Freddy vs. Jason vs. Michael: Who’s The Real Box Office Killer?
For a long stretch between The Texas Chainsaw Massacre setting the modern standard for slasher films and Scream reviving it with a dose of cool irony, three names ruled the genre: Michael Myers, Jason Voorhees and Freddy Krueger. Including reboots and one mash-up, the three franchises have combined for 30 films and a nearly $1.3 billion in global box office (extra impressive when you consider how much of that gross came from ’80s ticket prices).
John Carpenter kicked off the slasher craze that dominated the horror genre throughout the ’80s with Halloween in 1978. Produced for only $350,000, the movie that introduced Michael Myers eventually grossed $70 million worldwide. Two years later, Friday the 13th cashed in on its success; made for $550,00, it brought in nearly $60 million globally. A Nightmare on Elm Street joined the fun in 1984. While it cost much more ($1.8 million) and made much less ($25 million) than the other two, it was more than enough to anchor a franchise.
Fans can argue over which films are better, and which character is the most iconic, but at Decider we had a different question: Who made the biggest killing where it really counted, at the box office? The numbers were frighteningly close.
1. Friday the 13th
Number of films: 12
Worldwide Box Office: $465,000,000
Domestic Box Office: $383,000,000
The box office crown sits atop Jason’s hockey mask. He also has the advantage of spawning the most films (especially when you consider that the fourth installment was titled The Final Chapter). Even the ninth installment in 1993, Jason Goes to Hell: The Final Friday couldn’t keep him dead. Jason X (a.k.a Jason Goes to Space in the Future) was released in 2002 to the tepid response it deserved, but the following year’s Freddy vs. Jason was a major hit. After the success of that and several newer Halloween films, a reboot in 2009 grossed respectable box office but is yet to see a sequel.
Highest Grossing Chapter: The original, by a landslide. Adjusted for inflation, it earned $120,000,000 domestically.
Lowest Grossing Chapter: Jason X. Space was unkind to the serial killer. Even adjusted for inflation, the 2002 dud barely reached $18 million and remains a total head-scratcher.
(Freddy vs. Jason is included in the film count and box office total for both franchises, but excluded from individual chapter comparisons.)
2. A Nightmare on Elm Street
Number of films: 9
Worldwide Box Office: $448,000,000
Domestic Box Office: $362,000,000
Despite having three fewer films and getting off to a slower start, Freddy wakes up right after Jason. His average take per film is the best of the three by a healthy amount. The third and fourth films in 1987 and 1988 far outperformed the first two, though the fifth installment the following year completely cratered. The series bottomed out in 1994 before Freddy vs. Jason was a hit in 2003. As with Friday the 13th, that led to a single reboot in 2010, which performed respectably.
Highest Grossing Chapter: 1988’s part four, The Dream Master, with an adjusted domestic take of over $97 million.

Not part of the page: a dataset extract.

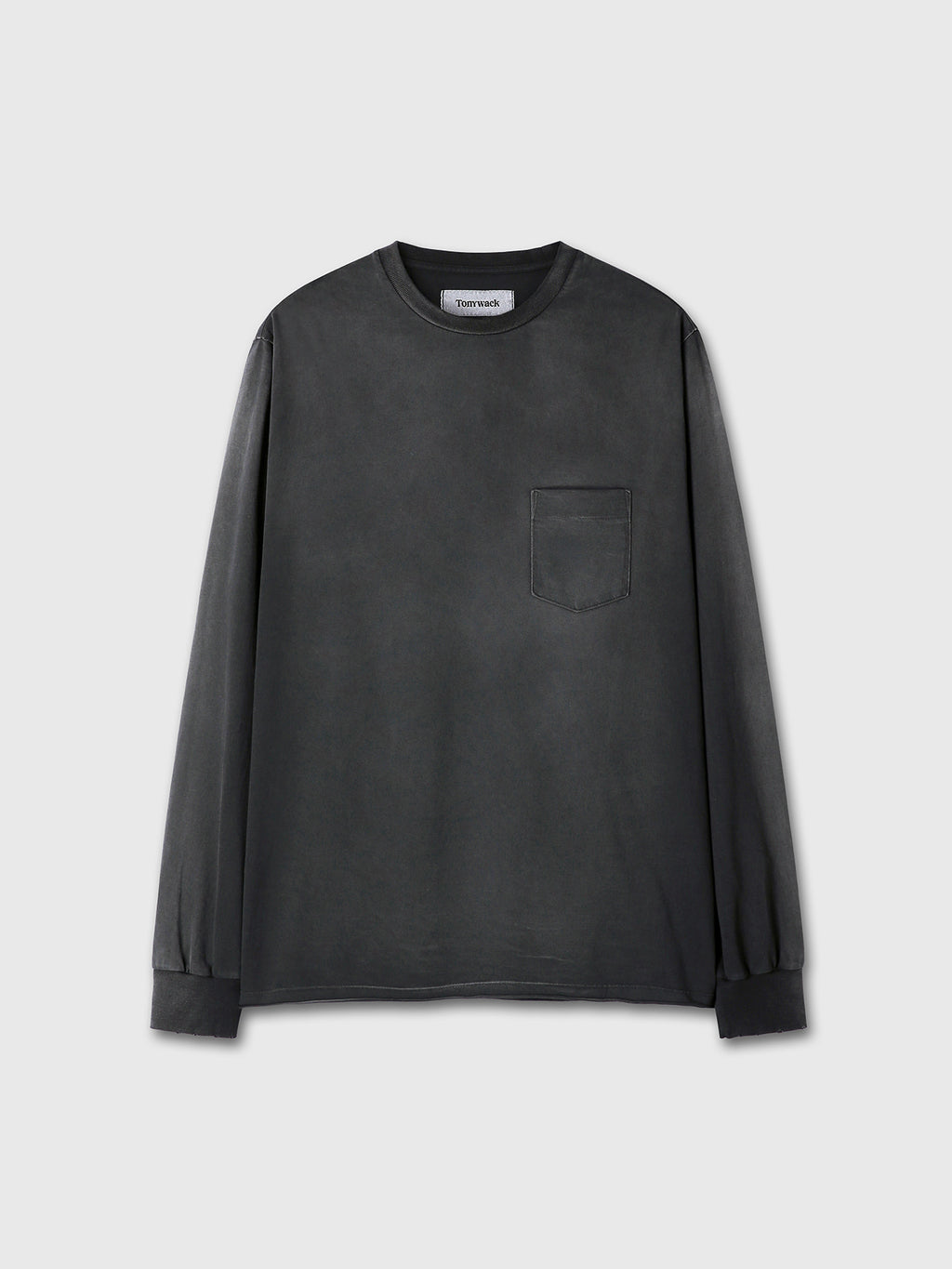 Tonywack - Garment Dyed Long Sleeve Crew (Faded Black) product image 10 | TRAB K-Fashion Australia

Part three, Dream Warriors, was right behind with $93 million adjusted, but none of the other stand-alone films in the series came close to these two.
Lowest Grossing Chapter: In 1994, Wes Craven returned to the Freddy character for the first time since directing the original film. Wes Craven’s New Nightmare broke from the series continuity and took a meta approach, featuring Freddy as a horror movie character haunting the cast and crew of the movies he appeared in, not in dreams but in the real world. Despite generally good reviews, it performed the worst by far, earning only $35 million domestically, adjusted. (Though good news followed for Wes Craven and horror fans, as two years later he returned with Scream, which shared some ideas.)
Number of films: 10
Worldwide Box Office: $363,000,000
Domestic Box Office: $308,000,000
The oldest of the three franchises, Halloween has also been the most active recently, with five films since 1995, including three in the 2000s. The series continuity has taken a winding path. 1998’s 20th anniversary film Halloween: H20 brought back Jamie Lee Curtis and was a direct sequel to the first two chapters, completely ignoring the four films in between. The result was one of the series’ biggest hits, bringing in $95 million domestically, adjusted. Halloween: Resurrection built on H20‘s events in 2002, before Rob Zombie rebooted the franchise with two films in 2007 and 2009.
Highest Grossing Chapter: The original Halloween was the highest-grossing film of all three franchises by far, earning $163,000,000 domestically, adjusted for inflation.
Lowest Grossing Chapter: 1989’s Halloween 5: The Revenge of Michael Myers grossed only $24 million domestic, adjusted. It had company at the bottom, though; 1995’s Halloween: The Curse of Michael Myers did only $28 million, adjusted, before H20 got the franchise back on track three years later.